4. Autonomous reset function as a soft error countermeasure
Figure 5 shows the transition flow of the autonomous reset function. A semiconductor device affected by a neutron beam may suffer a physical defect as well as soft error. A physical defect is an event in which the structure of the semiconductor device degrades and malfunctions due to the effect of neutron beams; such failures (physical defect failure) cannot be recovered by restarting the semiconductor device or overwriting data. This suggests that the autonomous reset function may repeatedly turn the power supply off and on.
Our solution is a mechanism that memorizes the number of resets and, when the number of resets exceeds a threshold within a certain period, a physical-defect failure is determined and the ONU communication function is terminated along with autonomous reset. Specifically, reset counter i is provided to record the number of resets in the ONU. After the ONU is started, reset counter i is initialized to 0, and each autonomous reset increments the counter value by 1. When autonomous reset occurs repeatedly, reset counter i increases, and if the counter value exceeds the specified threshold, the device transitions to a failed state. This prevents endless repetition of autonomous reset and enables soft error failure to be distinguished from physical-defect failure.

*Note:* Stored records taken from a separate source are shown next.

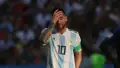 হাঠাৎ ফুটবল থেকে অনির্দিষ্টকালের বিরতি নিলেন মেসি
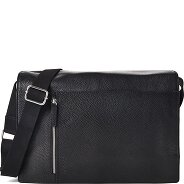 Strellson Kennington Messenger Genuine Leather 38 cm Laptop compartment Productimage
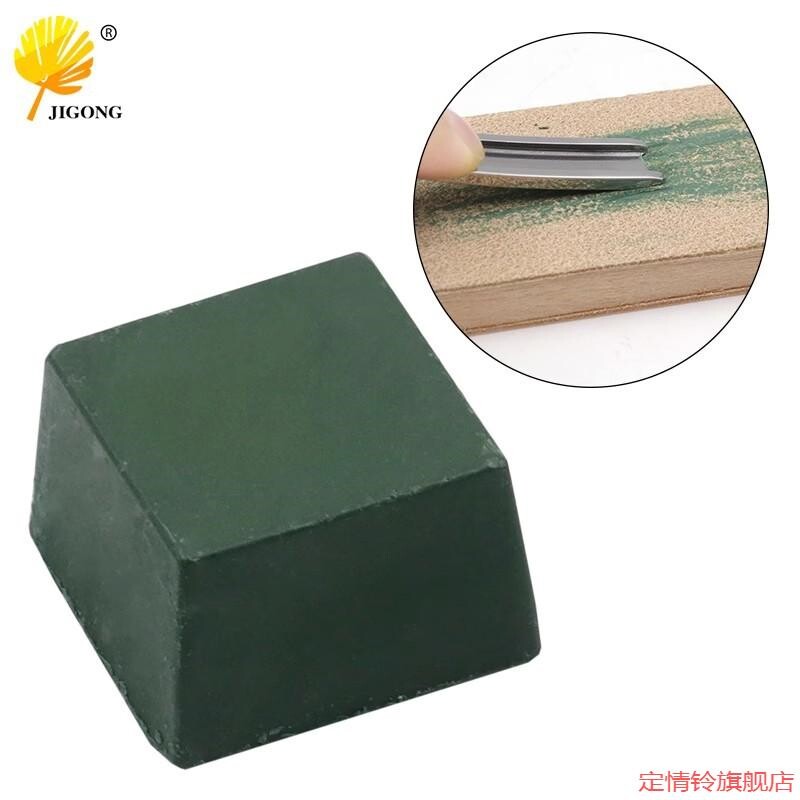李培德荡刀镜面磨刀膏真的能打磨出镜面刀刃?实测揭秘!-磨刀石-淘宝百科网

5. The results of our soft error countermeasure with neutron irradiation test
Neutron irradiation tests are generally conducted to reproduce soft errors. To measure the effectiveness of our soft error countermeasure, we subjected 10G-EPON ONUs running the autonomous reset function to the neutron irradiation test  provided by NTT Advanced Technology based on the Telecommunication Technology Committee (TTC) standard JT-K 130 .

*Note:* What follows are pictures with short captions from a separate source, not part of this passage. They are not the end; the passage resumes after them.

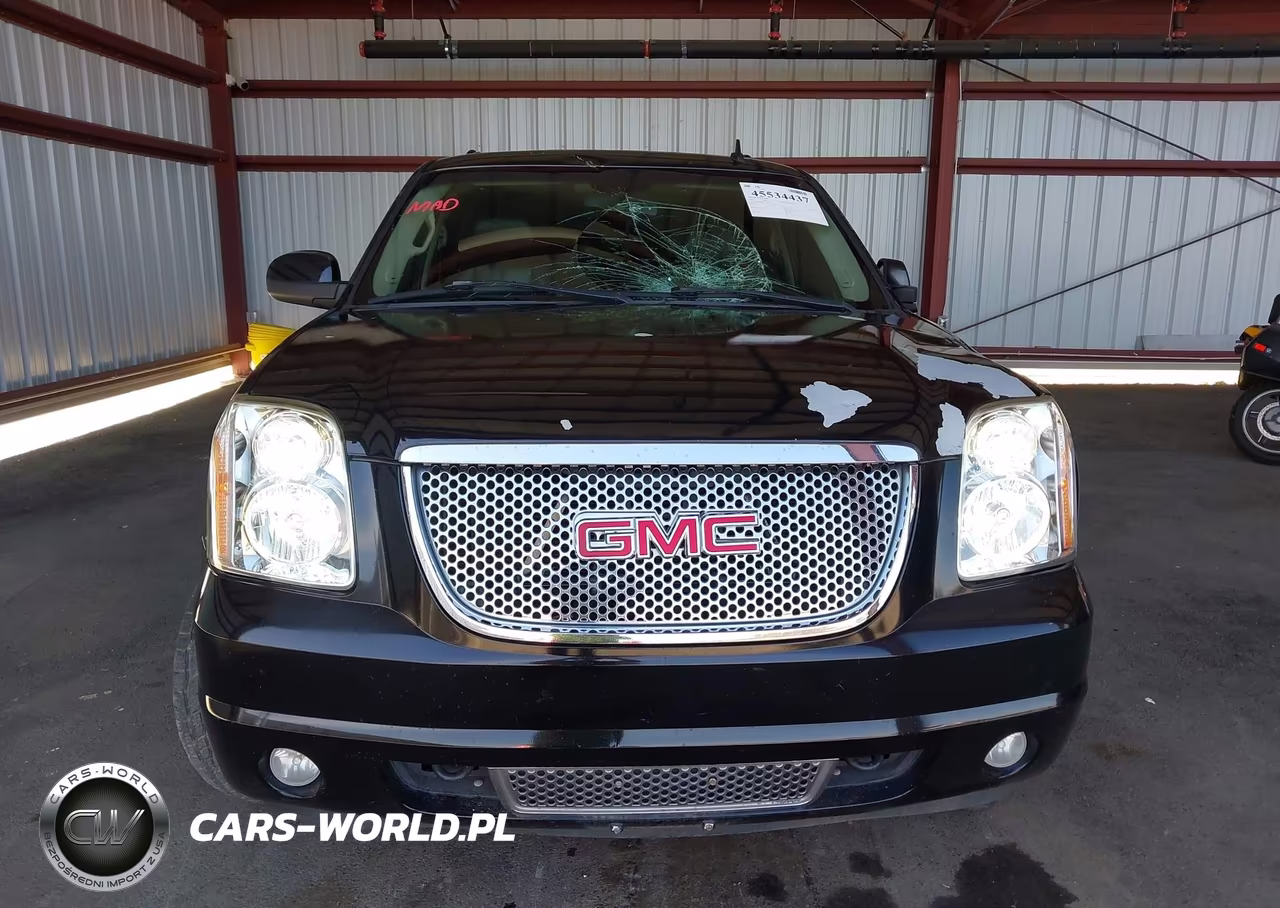 2007 GMC Yukon Denali Denali VIN:1GKFK63827J374661 - 6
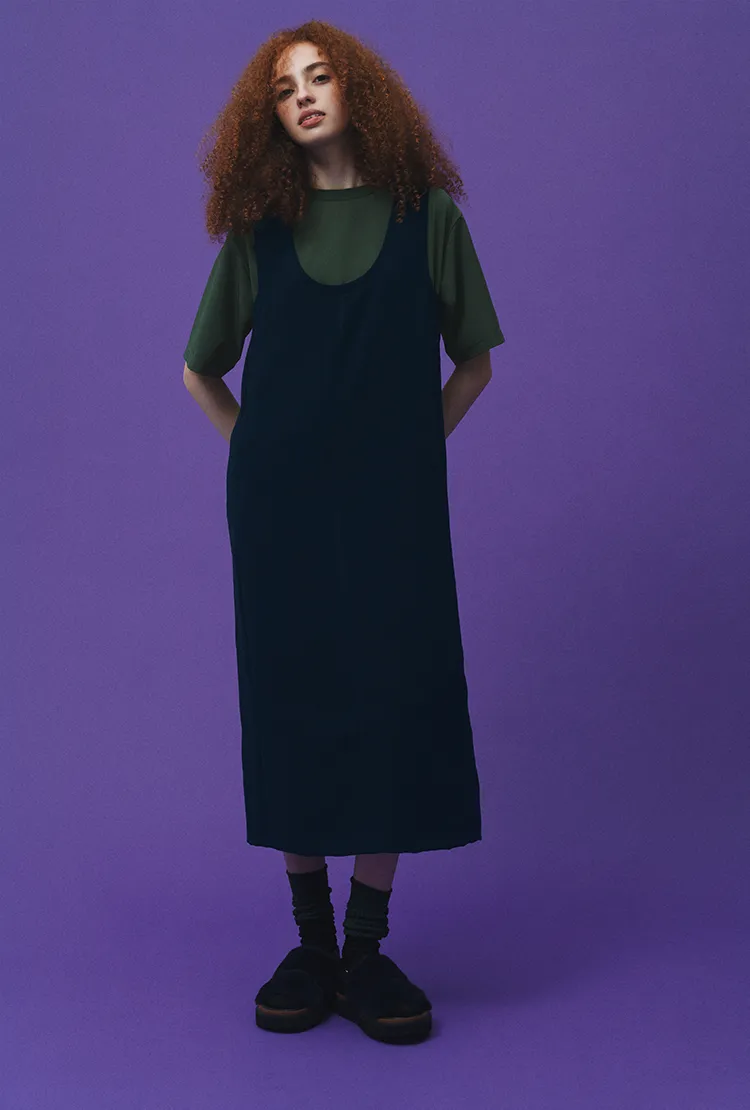 BLUE & GREEN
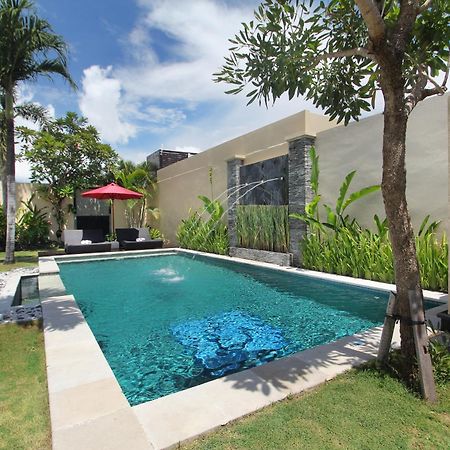 Rc Villas And Spa Bali Seminyak Exterior foto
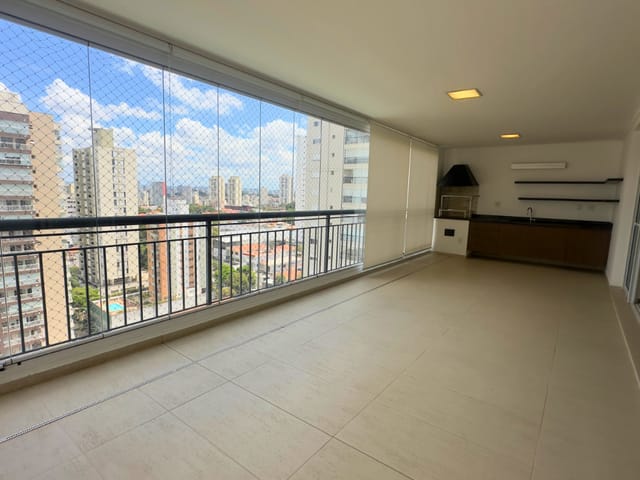Apartamento com 202m² 4 quartos e 6 banheiros, à venda, no bairro Vila Mascote em São Paulo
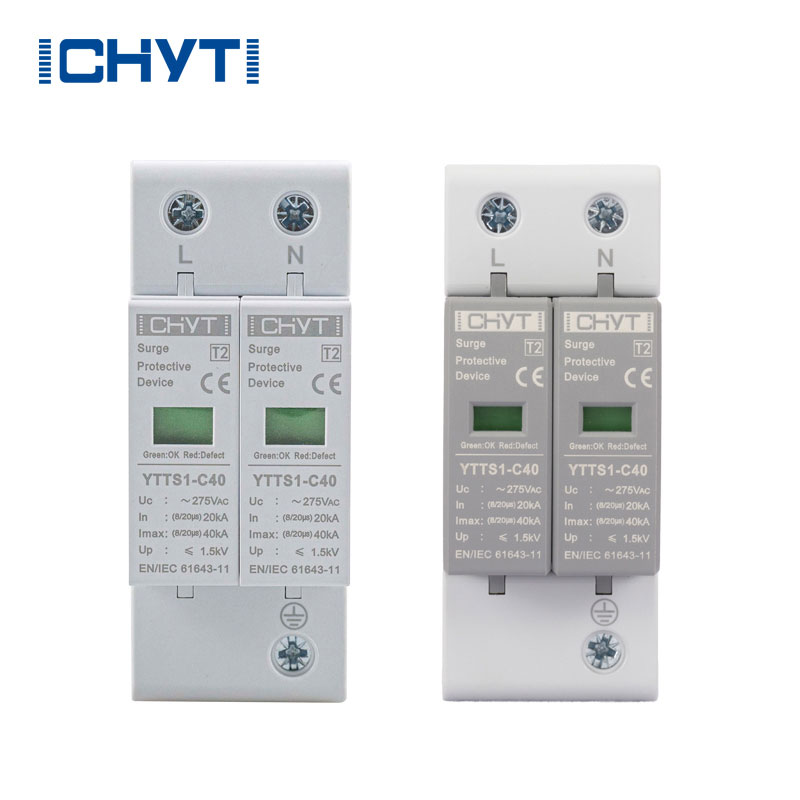 Typ 2 Ac Surge Protection Device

In the neutron irradiation test, the target (beryllium) is irradiated with protons accelerated using a cyclotron proton accelerator to generate neutron beams, and several 10G-EPON ONUs are irradiated simultaneously. This test uses a very high neutron intensity corresponding to about 100 million times the natural exposure rate (Fig. 6).
A main signal was connected to the 10G-EPON ONUs using an OLT and traffic-generator analyzer. To assess the possibility of log-file destruction due to the effect of neutron beams during the test, we collected the logs inside the 10G-EPON ONUs in real time and measured all autonomous resets. Through this test, the 10G-EPON ONUs were exposed to neutron beams equivalent to about 110,000 years per unit on average. Due to the irradiation, soft error was detected 1150 times per unit on average; among them, errors in the frame-buffer area, not the subject of autonomous reset, were confirmed 1104 times per unit, and fault recovery by autonomous reset was confirmed 46 times per unit.

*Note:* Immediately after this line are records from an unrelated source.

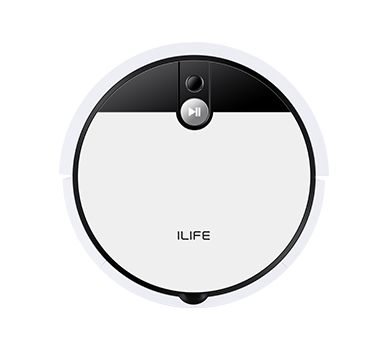 ILIFE V9e Robot Vacuum Cleaner, Maximum 4000Pa Suction Power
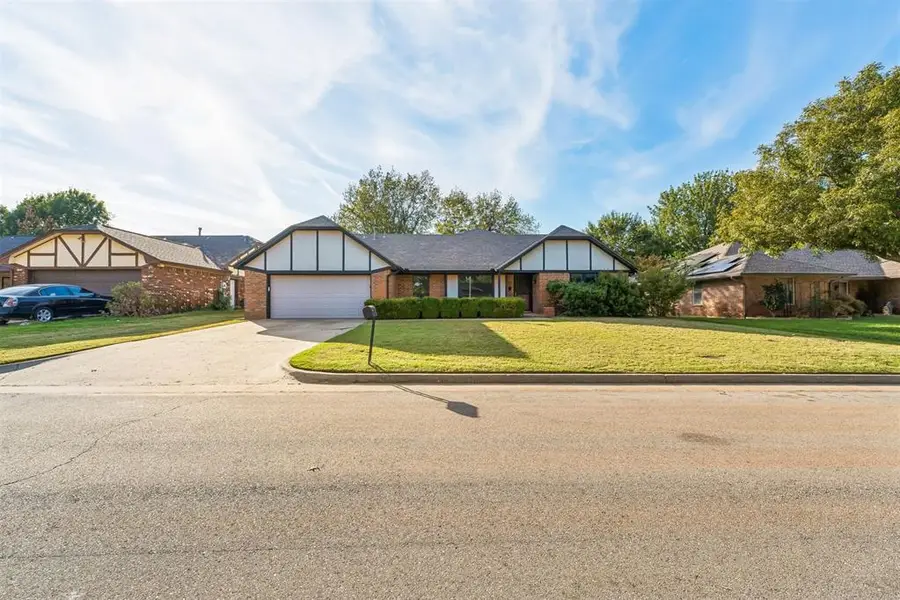 10417 Falcon Place, Oklahoma City, OK 73162 - #2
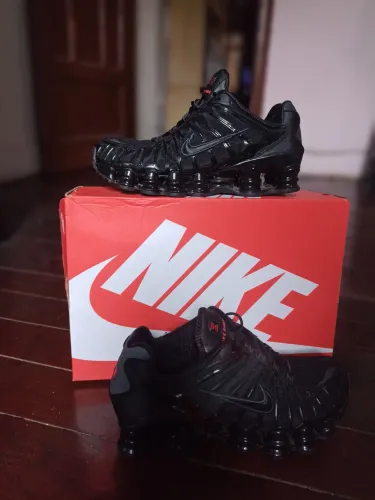Nike Shox TL (12 molas)
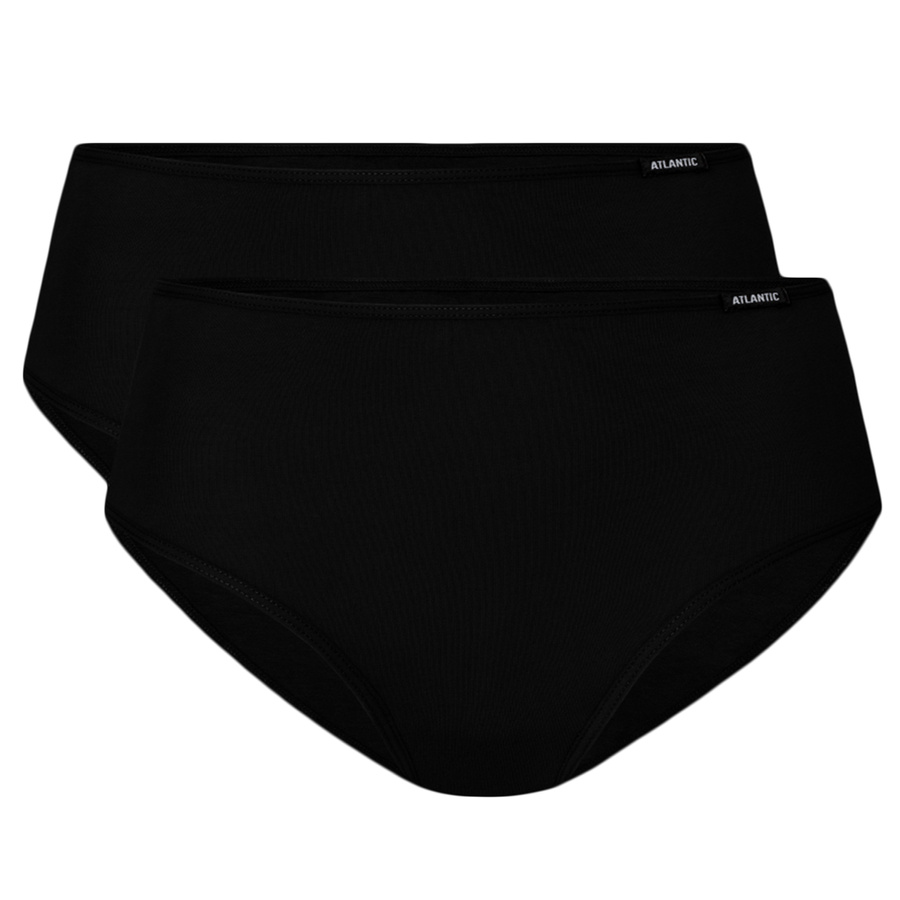 2 Szt. Figi Damskie Classic BLP-579 beżowe Atlantic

Because the autonomous reset function worked as expected, it was confirmed that when the ONU exhibits a soft error fault, it can recover autonomously; thus, this is effective as a soft error countermeasure. If we assume that 10 million units will be deployed, we can expect to reduce the number of failures per year by about 4200.
6. Future plans
We developed a countermeasure against soft errors, which are expected to become more frequent with the adoption of 10G-EPON ONUs. This countermeasure will contribute to the reduction in ONU failures and in manual operations required by the user or carrier personnel. In the future, we will examine the application of this countermeasure to other types of ONUs.